(Scraped caption text data)
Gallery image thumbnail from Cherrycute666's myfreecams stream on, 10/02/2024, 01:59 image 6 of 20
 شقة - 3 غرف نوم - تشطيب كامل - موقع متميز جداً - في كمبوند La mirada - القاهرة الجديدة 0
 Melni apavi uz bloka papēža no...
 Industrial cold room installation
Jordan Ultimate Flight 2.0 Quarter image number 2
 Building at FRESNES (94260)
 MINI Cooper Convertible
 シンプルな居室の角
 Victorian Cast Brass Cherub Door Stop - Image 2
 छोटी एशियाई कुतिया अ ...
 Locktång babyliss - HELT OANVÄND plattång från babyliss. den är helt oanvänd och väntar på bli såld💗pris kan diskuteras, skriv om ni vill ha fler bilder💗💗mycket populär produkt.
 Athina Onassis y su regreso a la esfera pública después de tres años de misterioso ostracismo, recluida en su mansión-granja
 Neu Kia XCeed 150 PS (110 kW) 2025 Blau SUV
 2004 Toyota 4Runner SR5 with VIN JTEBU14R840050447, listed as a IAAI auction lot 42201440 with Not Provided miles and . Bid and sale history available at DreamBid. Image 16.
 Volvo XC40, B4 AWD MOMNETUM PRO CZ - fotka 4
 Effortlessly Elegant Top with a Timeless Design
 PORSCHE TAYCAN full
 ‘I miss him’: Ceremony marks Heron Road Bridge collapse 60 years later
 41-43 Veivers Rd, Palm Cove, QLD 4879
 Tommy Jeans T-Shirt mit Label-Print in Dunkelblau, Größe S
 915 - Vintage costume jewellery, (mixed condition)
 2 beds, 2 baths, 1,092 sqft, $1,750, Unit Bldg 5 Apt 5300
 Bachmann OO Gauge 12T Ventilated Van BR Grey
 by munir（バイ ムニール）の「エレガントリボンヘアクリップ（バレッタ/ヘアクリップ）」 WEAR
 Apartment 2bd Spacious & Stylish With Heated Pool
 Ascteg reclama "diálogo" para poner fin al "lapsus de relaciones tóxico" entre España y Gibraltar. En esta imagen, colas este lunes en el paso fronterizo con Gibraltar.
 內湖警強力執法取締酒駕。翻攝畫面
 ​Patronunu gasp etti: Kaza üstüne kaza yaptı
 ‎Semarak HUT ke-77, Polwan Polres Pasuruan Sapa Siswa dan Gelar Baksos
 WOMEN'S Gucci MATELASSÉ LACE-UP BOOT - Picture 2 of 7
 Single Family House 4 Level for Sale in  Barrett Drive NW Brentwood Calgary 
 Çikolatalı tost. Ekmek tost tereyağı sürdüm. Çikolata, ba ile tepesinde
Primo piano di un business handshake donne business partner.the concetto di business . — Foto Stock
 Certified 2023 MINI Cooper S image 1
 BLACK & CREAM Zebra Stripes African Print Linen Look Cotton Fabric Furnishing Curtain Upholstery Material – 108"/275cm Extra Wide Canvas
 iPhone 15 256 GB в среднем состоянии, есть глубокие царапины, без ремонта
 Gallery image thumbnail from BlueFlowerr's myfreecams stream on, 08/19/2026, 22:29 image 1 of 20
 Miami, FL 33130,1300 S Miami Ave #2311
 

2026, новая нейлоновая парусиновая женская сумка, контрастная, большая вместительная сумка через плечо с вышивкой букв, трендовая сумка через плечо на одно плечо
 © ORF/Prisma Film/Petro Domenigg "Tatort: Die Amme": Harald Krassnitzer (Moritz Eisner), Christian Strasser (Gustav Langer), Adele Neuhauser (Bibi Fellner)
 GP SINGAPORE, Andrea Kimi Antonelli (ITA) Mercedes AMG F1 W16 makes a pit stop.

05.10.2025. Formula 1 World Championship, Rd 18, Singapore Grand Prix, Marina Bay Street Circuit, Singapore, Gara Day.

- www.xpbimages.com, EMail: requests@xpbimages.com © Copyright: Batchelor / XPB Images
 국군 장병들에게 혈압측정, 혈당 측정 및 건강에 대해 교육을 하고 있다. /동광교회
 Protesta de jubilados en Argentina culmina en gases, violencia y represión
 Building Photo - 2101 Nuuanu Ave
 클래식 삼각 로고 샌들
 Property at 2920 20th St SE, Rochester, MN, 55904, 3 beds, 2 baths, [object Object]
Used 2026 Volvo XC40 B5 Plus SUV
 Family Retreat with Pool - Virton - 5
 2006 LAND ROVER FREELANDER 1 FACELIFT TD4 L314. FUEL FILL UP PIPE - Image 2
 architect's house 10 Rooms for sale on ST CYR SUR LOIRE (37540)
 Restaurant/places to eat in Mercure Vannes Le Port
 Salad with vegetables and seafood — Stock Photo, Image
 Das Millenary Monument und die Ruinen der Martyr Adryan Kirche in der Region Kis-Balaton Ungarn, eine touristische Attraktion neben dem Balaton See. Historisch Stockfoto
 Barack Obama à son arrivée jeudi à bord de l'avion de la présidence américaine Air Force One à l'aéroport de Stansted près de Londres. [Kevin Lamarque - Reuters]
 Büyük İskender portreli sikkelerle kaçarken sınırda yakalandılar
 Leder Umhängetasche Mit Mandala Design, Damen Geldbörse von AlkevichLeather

• **What you should do**
Nothing is to be left out; reproduce each record exactly.

• **Your response**
Gallery image thumbnail from Cherrycute666's myfreecams stream on, 10/02/2024, 01:59 image 6 of 20
 شقة - 3 غرف نوم - تشطيب كامل - موقع متميز جداً - في كمبوند La mirada - القاهرة الجديدة 0
 Melni apavi uz bloka papēža no...
 Industrial cold room installation
Jordan Ultimate Flight 2.0 Quarter image number 2
 Building at FRESNES (94260)
 MINI Cooper Convertible
 シンプルな居室の角
 Victorian Cast Brass Cherub Door Stop - Image 2
 छोटी एशियाई कुतिया अ ...
 Locktång babyliss - HELT OANVÄND plattång från babyliss. den är helt oanvänd och väntar på bli såld💗pris kan diskuteras, skriv om ni vill ha fler bilder💗💗mycket populär produkt.
 Athina Onassis y su regreso a la esfera pública después de tres años de misterioso ostracismo, recluida en su mansión-granja
 Neu Kia XCeed 150 PS (110 kW) 2025 Blau SUV
 2004 Toyota 4Runner SR5 with VIN JTEBU14R840050447, listed as a IAAI auction lot 42201440 with Not Provided miles and . Bid and sale history available at DreamBid. Image 16.
 Volvo XC40, B4 AWD MOMNETUM PRO CZ - fotka 4
 Effortlessly Elegant Top with a Timeless Design
 PORSCHE TAYCAN full
 ‘I miss him’: Ceremony marks Heron Road Bridge collapse 60 years later
 41-43 Veivers Rd, Palm Cove, QLD 4879
 Tommy Jeans T-Shirt mit Label-Print in Dunkelblau, Größe S
 915 - Vintage costume jewellery, (mixed condition)
 2 beds, 2 baths, 1,092 sqft, $1,750, Unit Bldg 5 Apt 5300
 Bachmann OO Gauge 12T Ventilated Van BR Grey
 by munir（バイ ムニール）の「エレガントリボンヘアクリップ（バレッタ/ヘアクリップ）」 WEAR
 Apartment 2bd Spacious & Stylish With Heated Pool
 Ascteg reclama "diálogo" para poner fin al "lapsus de relaciones tóxico" entre España y Gibraltar. En esta imagen, colas este lunes en el paso fronterizo con Gibraltar.
 內湖警強力執法取締酒駕。翻攝畫面
 ​Patronunu gasp etti: Kaza üstüne kaza yaptı
 ‎Semarak HUT ke-77, Polwan Polres Pasuruan Sapa Siswa dan Gelar Baksos
 WOMEN'S Gucci MATELASSÉ LACE-UP BOOT - Picture 2 of 7
 Single Family House 4 Level for Sale in  Barrett Drive NW Brentwood Calgary 
 Çikolatalı tost. Ekmek tost tereyağı sürdüm. Çikolata, ba ile tepesinde
Primo piano di un business handshake donne business partner.the concetto di business . — Foto Stock
 Certified 2023 MINI Cooper S image 1
 BLACK & CREAM Zebra Stripes African Print Linen Look Cotton Fabric Furnishing Curtain Upholstery Material – 108"/275cm Extra Wide Canvas
 iPhone 15 256 GB в среднем состоянии, есть глубокие царапины, без ремонта
 Gallery image thumbnail from BlueFlowerr's myfreecams stream on, 08/19/2026, 22:29 image 1 of 20
 Miami, FL 33130,1300 S Miami Ave #2311
 

2026, новая нейлоновая парусиновая женская сумка, контрастная, большая вместительная сумка через плечо с вышивкой букв, трендовая сумка через плечо на одно плечо
 © ORF/Prisma Film/Petro Domenigg "Tatort: Die Amme": Harald Krassnitzer (Moritz Eisner), Christian Strasser (Gustav Langer), Adele Neuhauser (Bibi Fellner)
 GP SINGAPORE, Andrea Kimi Antonelli (ITA) Mercedes AMG F1 W16 makes a pit stop.

05.10.2025. Formula 1 World Championship, Rd 18, Singapore Grand Prix, Marina Bay Street Circuit, Singapore, Gara Day.

- www.xpbimages.com, EMail: requests@xpbimages.com © Copyright: Batchelor / XPB Images
 국군 장병들에게 혈압측정, 혈당 측정 및 건강에 대해 교육을 하고 있다. /동광교회
 Protesta de jubilados en Argentina culmina en gases, violencia y represión
 Building Photo - 2101 Nuuanu Ave
 클래식 삼각 로고 샌들
 Property at 2920 20th St SE, Rochester, MN, 55904, 3 beds, 2 baths, [object Object]
Used 2026 Volvo XC40 B5 Plus SUV
 Family Retreat with Pool - Virton - 5
 2006 LAND ROVER FREELANDER 1 FACELIFT TD4 L314. FUEL FILL UP PIPE - Image 2
 architect's house 10 Rooms for sale on ST CYR SUR LOIRE (37540)
 Restaurant/places to eat in Mercure Vannes Le Port
 Salad with vegetables and seafood — Stock Photo, Image
 Das Millenary Monument und die Ruinen der Martyr Adryan Kirche in der Region Kis-Balaton Ungarn, eine touristische Attraktion neben dem Balaton See. Historisch Stockfoto
 Barack Obama à son arrivée jeudi à bord de l'avion de la présidence américaine Air Force One à l'aéroport de Stansted près de Londres. [Kevin Lamarque - Reuters]
 Büyük İskender portreli sikkelerle kaçarken sınırda yakalandılar
 Leder Umhängetasche Mit Mandala Design, Damen Geldbörse von AlkevichLeather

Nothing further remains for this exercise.